Alongside these record highs are equally alarming record lows. In February 2023, there was less floating sea ice around Antarctica than ever before. Less ice means that less of the sun’s energy is reflected into space, causing global temperatures to rise even further. This means predictions for sea level rise could be worse than previously expected.
Increasingly severe weather events are linked to rising global temperatures. The greenhouse gasses we emit collect in the Earth’s atmosphere, where they prevent the sun’s energy from escaping into space.
As a result, the global temperature rises. This heating increases the frequency and severity of extreme weather events like flooding, super-storms and wildfires.
The dangers of exceeding 1.5C of global warming were reported by the Intergovernmental Panel on Climate Change back in 2018. Current data shows that the average global temperature was around 1.2C in 2022.
As Dr Matthew Jones, a climate scientist at the University of East Anglia, confirmed to the BBC:
“Heatwaves and droughts are exacerbated by climate change and are absolutely the defining factor in years with massive wildfire outbreaks.”
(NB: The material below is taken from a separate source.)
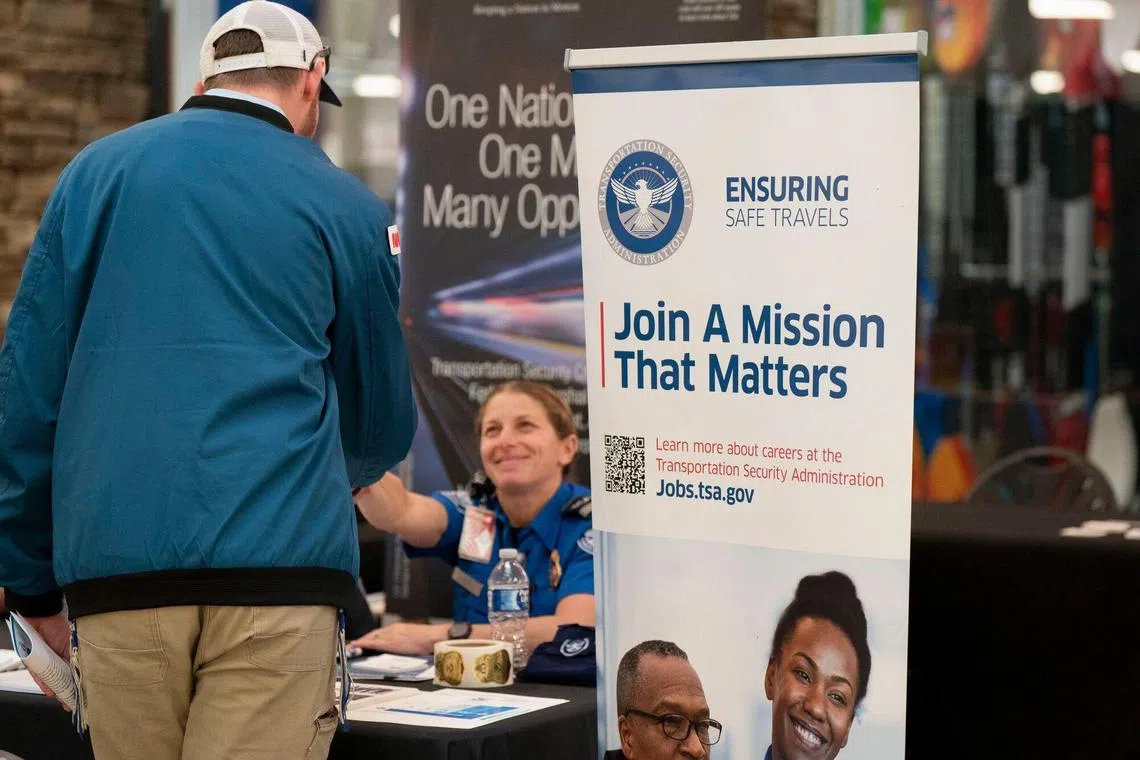 Hiring signage displayed as a hiring representative speaks with a jobseeker at a job and resource fair hosted by the Mountain Area Workforce Development Board in partnership with NCWorks in Hendersonville, North Carolina, US, on Tuesday, Nov. 19, 2024. The Department of Labor is scheduled to release initial jobless claims figures on November 21. Photographer: Allison Joyce/Bloomberg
The current wildfires, floods, and diminishing sea ice should act as a stark reminder of why meeting net zero targets is so important. However, as its own latest report shows, the Scottish Government is currently failing to meet its emission reduction targets.
Changeworks’ Chief Executive, Josiah Lockhart, said:
“Part of the tragedy of severe weather events is that, unless we act, this kind of devastation is going to become the new norm. However, if climate action is scaled up so that it’s proportionate to the crisis – if we can decarbonise our society both quickly and equitably – then we can limit these types of crises in the future.”
Decarbonisation is already underway, though not at the necessary pace. Through renewable technology such as heat pumps and solar panels, Scotland is reducing its reliance on fossil fuels. Changeworks is heavily involved with this process, from our delivery of Energy Efficient Scotland: Area Based Schemes to the launch of our new retrofit service.
As Josiah Lockhart said,
“The solutions are already out there and are being put in place. What we need is more urgent action from the government to support the good work that’s underway. As the fires across Europe show, the planet won’t wait for us to play catch-up.”